Analogi penjara bawah tanah sebagai kapal selam, dimana penghuninya jauh mencapai permukaan, agaknya tepat karena dalam kehidupan nyata banyak orang yang dibungkam dan tak jelas rimbanya, mereka seperti hilang ditelan bumi. Massa dan berita mudah muncul dengan segala opininya, mudah pula tenggelam, begitu seterusnya seperti buih.

Siapa sebenarnya para penghuni penjara bawah tanah itu? Siapa pula yang menjebloskan mereka? Sampai kapan mereka diasingkan? Apa pula yang dicari di negeri penuh kepalsuan dan kekerasan tanpa mengenal waktu? Melalui Penghuni Kapal Selam, Teater Kanvasmenyuguhkan suatu tontonan satir nan segar yang bisa jadi perenungan banyak orang.

Penguni Kapal Selam menceritakan sekelompok orang pergerakan dari berbagai aliran ideologi ada Islam, sosialis, nasionalis dan lain-lain, juga beberapa orang rakyat jelata dan mahasiswa telah ditangkap dan dipenjarakan di penjara bawah tanah yang terkenal dengan sebutan “Penjara Kapal Selam”. Mereka semua setiap hari menjalani intimidasi dan penyiksaan yang tak terperikan, baik secara fisik maupun mental, sampai diantara mereka ada yang buta, pincang, lumpuh, stress, gila dan mengalami ketakutan yang amat sangat selama bertahun-tahun.
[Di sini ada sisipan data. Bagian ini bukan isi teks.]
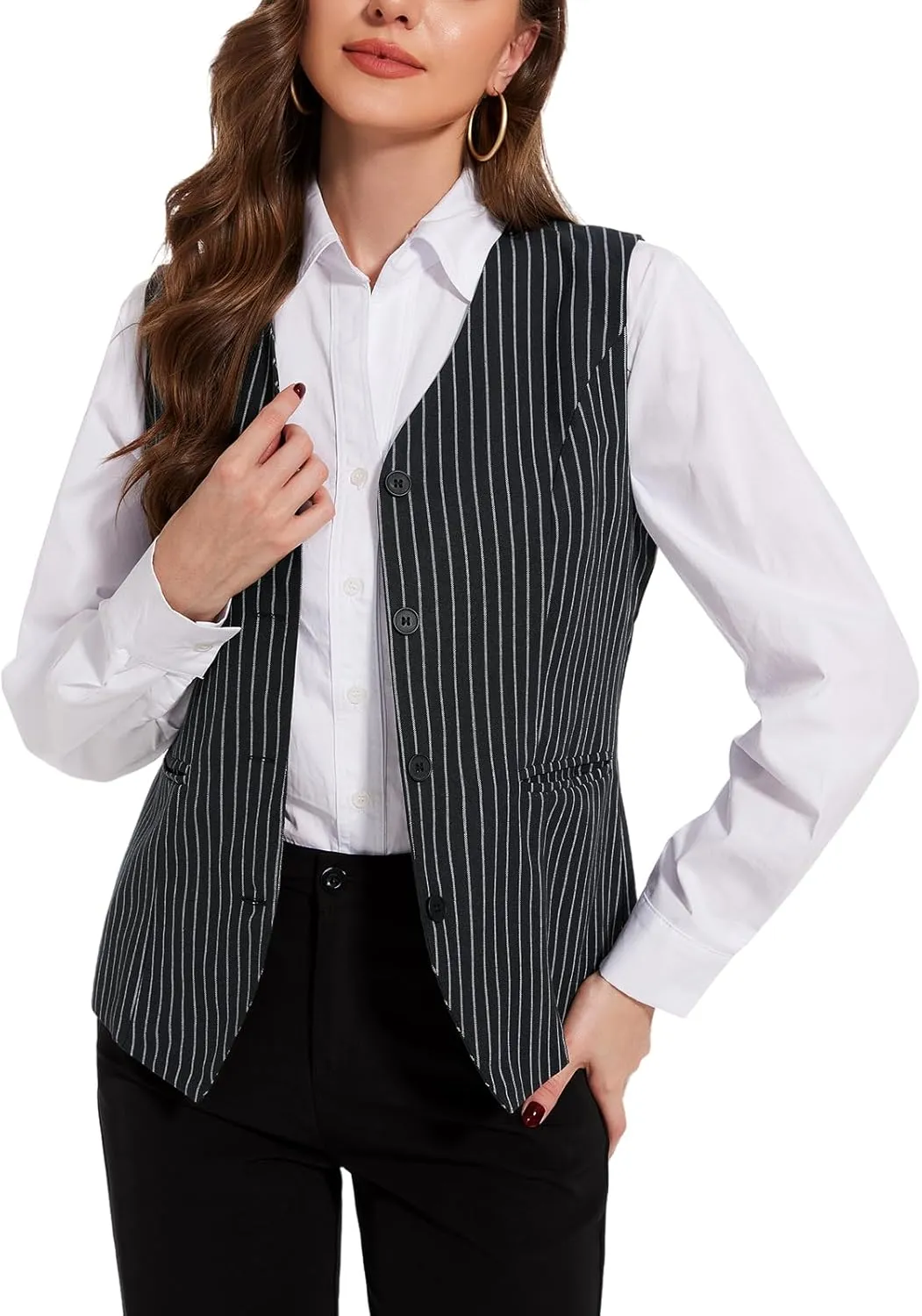Waistcoat Vest for Women Fully Lined V-Neck Button Down Formal Fitted Dressy Suit Vest Coat with Pockets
Bahkan ada juga yang sampai mati bunuh diri. 

Penghuni Kapal Selam berisikan sepuluh orang ‘berbahaya’ dan pengintimidasi yang culas; Abdul Ghofar, aktivis dakwah senior dengan karakternya yang tenang dan berwibawa, ia adalah orang yang paling ditakuti oleh para sipir; Abdul Muthalib, politikus tua yang stres berat karena dipenjara bertahun-tahun, selalu menggedor-gedor pintu sel, sambil mengacungkan pisaunya dan berteriak-teriak ingin membunuh orang yang telah menangkapnya; Jerio, orator dan aktifis politik yang ambisius, selalu bermimpi jadi orang besar yang akan memimpin negeri ini, berlagak suci dan kuat, padahal sejatinya dia suka menangis sendirian karena menyesali nasibnya; Yon, aktivis dakwah, dipenjara sejak muda, wajahnya bopeng akibat siksaan dan disunduti rokok oleh para algojo saat diinterogasi, ia labil dan gampang percaya pada kebaikan orang; Kukuh, mahasiswa separuh gila akibat siksaan saat diinterogasi, ia selalu ketakutan dan terus berlari-lari karena merasa dikejar-kejar oleh aparat; Pi’i, mantan tukang es yang bercita- cita untuk terus jualan es kalau sudah bebas nanti; Prawoto, mantan pemimpin perampok yang ingin bertobat, tapi malah diciduk dan dijebloskan dalam penjara, ia telah disiksa sampai buta; Sokle, tukang bengkel elektronik yang dituduh sebagai penggerak massa, jalannya menggelesot-gelesot karena kakinya lumpuh akibat siksaan; Sang Sipir, merasa berkuasa dan kuat dengan mengintimidasi para tahanan, namun dalam hati bertanya siapa yang terpenjara; Juru Runding, berpenampilan perlente, dia pintar sekaligus licik; Si Kutu Buku, pendiam dan misterius.

Namun ada penghuni penjara kapal selam yang tetap tabah dan sabar, dia adalah Ustadz Abdul Ghofar, seorang lelaki tua yang karena kekuatan imannya seolah tak pernah tersentuh oleh siksaan dan teror macam apa pun. Ustadz Abdul Ghofar ini senantiasa memberikan motivasi kepada tahanan yang lain, meski mereka berseberangan politik dan ideologi. Karena ketabahan Ustadz Abdul Ghofar inilah, para sipir dan algojo yang menyiksanya jadi frustasi, mereka ragu-ragu sebenarnya yang dipenjara itu Abdul Ghofar atau diri mereka sendiri? Apa bedanya diri mereka dengan Abdul Ghofar? Siapa sebenarnya penguasa penjara ini? Sampai diantara mereka ada yang menyatakan diri untuk keluar dari korp dan melepaskan jabatannya, mereka tak peduli meski dituduh desersi dan dihukum mati. Kehidupan dalam penjara itu terus berlanjut dari zaman ke zaman dan para pejuang dari generasi demi generasi keluar masuk jadi penghuni, tapi Ustadz Abdul Ghofar terus tabah dalam kemenangan imannya.